Exercise brief
Write out, word for word, the part of the listing below that opens with the line containing "Моторна олива DYNAMAX" and closes with the line containing "Produktbild: Hayat Cok Kisa", keeping both of those lines and adding no others.

Records for the task
•••
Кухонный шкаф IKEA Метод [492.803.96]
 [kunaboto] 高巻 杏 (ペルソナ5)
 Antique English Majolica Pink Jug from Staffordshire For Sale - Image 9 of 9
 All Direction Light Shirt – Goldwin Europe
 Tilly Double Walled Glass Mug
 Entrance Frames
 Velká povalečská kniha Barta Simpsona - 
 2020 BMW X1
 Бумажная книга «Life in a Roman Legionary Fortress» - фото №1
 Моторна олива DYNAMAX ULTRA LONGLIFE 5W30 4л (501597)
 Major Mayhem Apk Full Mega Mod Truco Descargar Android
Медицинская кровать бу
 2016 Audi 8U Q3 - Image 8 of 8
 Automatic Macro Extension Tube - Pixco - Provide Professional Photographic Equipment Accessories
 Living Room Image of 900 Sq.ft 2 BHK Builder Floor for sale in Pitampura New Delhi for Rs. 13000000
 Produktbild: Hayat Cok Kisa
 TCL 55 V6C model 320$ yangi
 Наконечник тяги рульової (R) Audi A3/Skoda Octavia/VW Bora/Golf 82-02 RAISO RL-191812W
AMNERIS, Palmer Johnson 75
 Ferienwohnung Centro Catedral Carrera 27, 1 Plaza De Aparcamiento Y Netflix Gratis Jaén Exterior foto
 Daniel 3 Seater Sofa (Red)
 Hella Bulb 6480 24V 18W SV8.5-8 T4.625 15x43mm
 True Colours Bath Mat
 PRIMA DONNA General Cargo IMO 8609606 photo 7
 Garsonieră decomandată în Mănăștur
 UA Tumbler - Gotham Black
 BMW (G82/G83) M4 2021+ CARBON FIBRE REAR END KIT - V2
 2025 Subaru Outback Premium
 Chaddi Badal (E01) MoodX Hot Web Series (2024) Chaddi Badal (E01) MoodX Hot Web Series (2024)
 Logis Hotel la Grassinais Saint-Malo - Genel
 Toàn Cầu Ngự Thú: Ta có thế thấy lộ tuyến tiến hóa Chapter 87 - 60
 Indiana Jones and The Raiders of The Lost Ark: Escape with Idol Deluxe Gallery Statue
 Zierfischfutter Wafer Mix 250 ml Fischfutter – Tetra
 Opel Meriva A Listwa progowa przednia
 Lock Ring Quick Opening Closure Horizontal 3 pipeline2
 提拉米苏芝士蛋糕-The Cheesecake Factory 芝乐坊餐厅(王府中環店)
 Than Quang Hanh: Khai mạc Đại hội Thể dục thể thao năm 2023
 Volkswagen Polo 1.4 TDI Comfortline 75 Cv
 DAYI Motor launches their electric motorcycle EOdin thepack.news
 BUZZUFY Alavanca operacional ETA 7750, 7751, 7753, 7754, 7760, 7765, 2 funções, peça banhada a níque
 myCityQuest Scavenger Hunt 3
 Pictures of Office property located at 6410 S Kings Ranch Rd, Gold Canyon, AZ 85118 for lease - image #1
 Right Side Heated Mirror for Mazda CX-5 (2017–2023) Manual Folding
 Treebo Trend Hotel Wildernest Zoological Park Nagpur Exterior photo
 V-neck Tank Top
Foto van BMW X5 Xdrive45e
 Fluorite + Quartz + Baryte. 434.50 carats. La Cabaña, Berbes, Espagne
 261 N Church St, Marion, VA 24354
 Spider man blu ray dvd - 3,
•••
Exercise response
 Моторна олива DYNAMAX ULTRA LONGLIFE 5W30 4л (501597)
 Major Mayhem Apk Full Mega Mod Truco Descargar Android
Медицинская кровать бу
 2016 Audi 8U Q3 - Image 8 of 8
 Automatic Macro Extension Tube - Pixco - Provide Professional Photographic Equipment Accessories
 Living Room Image of 900 Sq.ft 2 BHK Builder Floor for sale in Pitampura New Delhi for Rs. 13000000
 Produktbild: Hayat Cok Kisa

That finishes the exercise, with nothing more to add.